In his daily broadcast Mujica said “we are not for taxing; we want farmers to multiply the country’s wealth, but we also want to prod those who produce little but have a lot of land”.
“We want those who benefited from soaring land prices to pay, those who have not increased production and possess a lot of land”, added Mujica. “We are talking about those who purchased land at 300 US dollar the hectare which is now worth 3.000 USD”.
But economist Astori said Uruguay had already tried taxing land ownership and it did not work.

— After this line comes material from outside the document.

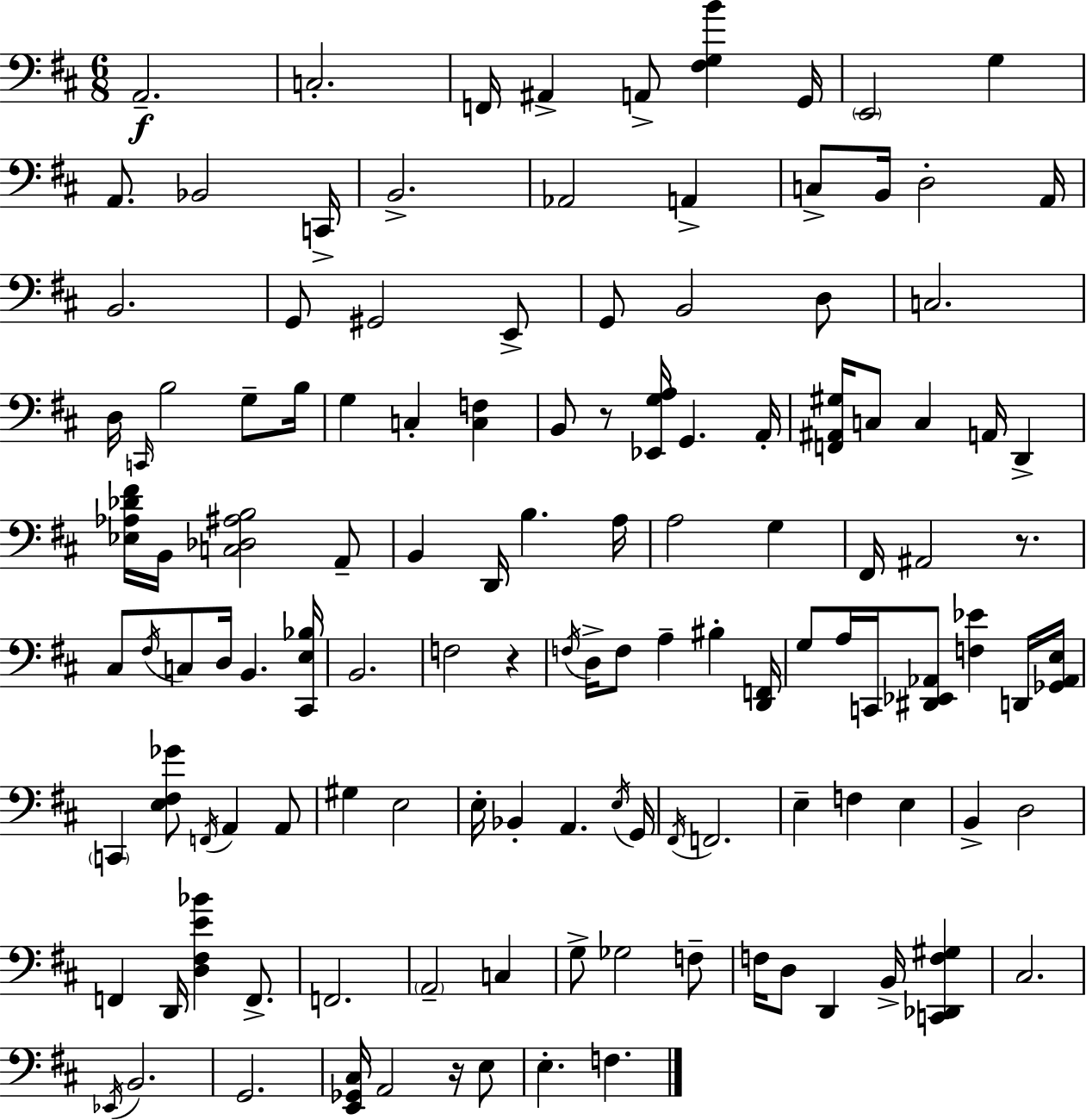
A2/h. C3/h. F2/s A#2/q A2/e [F#3,G3,B4]/q G2/s E2/h G3/q A2/e. Bb2/h C2/s B2/h. Ab2/h A2/q C3/e B2/s D3/h A2/s B2/h. G2/e G#2/h E2/e G2/e B2/h D3/e C3/h. D3/s C2/s B3/h G3/e B3/s G3/q C3/q [C3,F3]/q B2/e R/e [Eb2,G3,A3]/s G2/q. A2/s [F2,A#2,G#3]/s C3/e C3/q A2/s D2/q [Eb3,Ab3,Db4,F#4]/s B2/s [C3,Db3,A#3,B3]/h A2/e B2/q D2/s B3/q. A3/s A3/h G3/q F#2/s A#2/h R/e. C#3/e F#3/s C3/e D3/s B2/q. [C#2,E3,Bb3]/s B2/h. F3/h R/q F3/s D3/s F3/e A3/q BIS3/q [D2,F2]/s G3/e A3/s C2/s [D#2,Eb2,Ab2]/e [F3,Eb4]/q D2/s [Gb2,Ab2,E3]/s C2/q [E3,F#3,Gb4]/e F2/s A2/q A2/e G#3/q E3/h E3/s Bb2/q A2/q. E3/s G2/s F#2/s F2/h. E3/q F3/q E3/q B2/q D3/h F2/q D2/s [D3,F#3,E4,Bb4]/q F2/e. F2/h. A2/h C3/q G3/e Gb3/h F3/e F3/s D3/e D2/q B2/s [C2,Db2,F3,G#3]/q C#3/h. Eb2/s B2/h. G2/h. [E2,Gb2,C#3]/s A2/h R/s E3/e E3/q. F3/q.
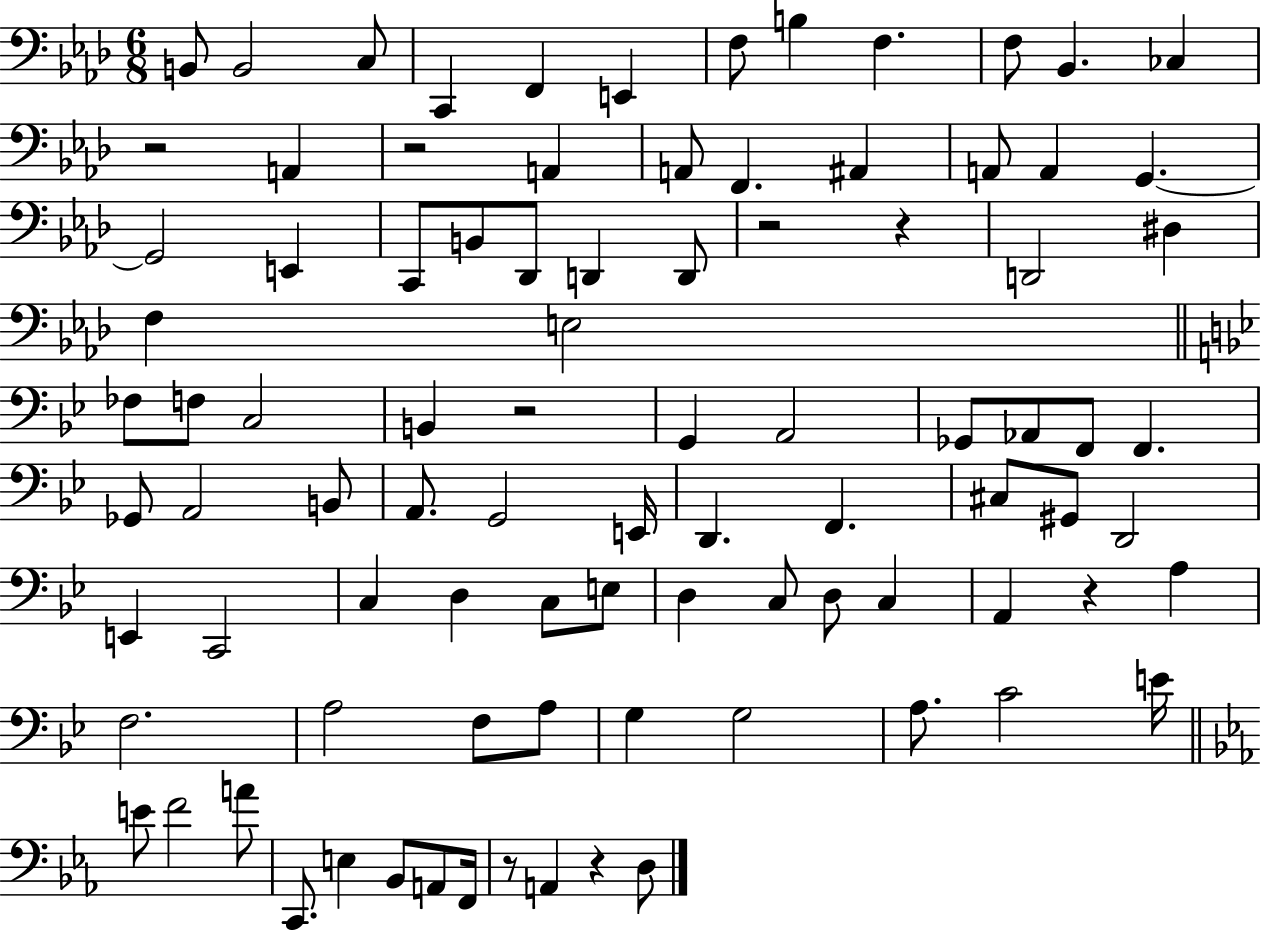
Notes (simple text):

B2/e B2/h C3/e C2/q F2/q E2/q F3/e B3/q F3/q. F3/e Bb2/q. CES3/q R/h A2/q R/h A2/q A2/e F2/q. A#2/q A2/e A2/q G2/q. G2/h E2/q C2/e B2/e Db2/e D2/q D2/e R/h R/q D2/h D#3/q F3/q E3/h FES3/e F3/e C3/h B2/q R/h G2/q A2/h Gb2/e Ab2/e F2/e F2/q. Gb2/e A2/h B2/e A2/e. G2/h E2/s D2/q. F2/q. C#3/e G#2/e D2/h E2/q C2/h C3/q D3/q C3/e E3/e D3/q C3/e D3/e C3/q A2/q R/q A3/q F3/h. A3/h F3/e A3/e G3/q G3/h A3/e. C4/h E4/s E4/e F4/h A4/e C2/e. E3/q Bb2/e A2/e F2/s R/e A2/q R/q D3/e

It also contradicts the recent tax reform implemented by the ruling coalition which targets production and profits.
“I’m thinking about the future, because when you send a signal, no matter how modest, you are suggesting that further changes can be expected in the future and that generates uncertainty, and uncertainty is not good for investors”, replied Astori in radio interviews.
Astori is supported in the controversy by the ministers of Economy, Agriculture and Public Works, while Mujica has the backing from the Planning Office, Politically in the catch-all-coalition, Communists, the former guerrillas group to which belongs Mujica, Socialists and other smaller groups support the president, while the more middle of the road groups are behind Astori.
However, when the main actors of the controversy realized the impact of Mujica’s statements leaked to the press and saying that “there was a movement to debilitate him and maybe oust him”, they rapidly tried to overcome the situation.
Vice-president Astori in a hastily organized political rally and next to lawmakers from his group said that it was good to have different points of view, ‘that’s democracy’ but also insisted that this does mean disunity or challenge, “on the contrary there is no question about our loyalty and support for the president”.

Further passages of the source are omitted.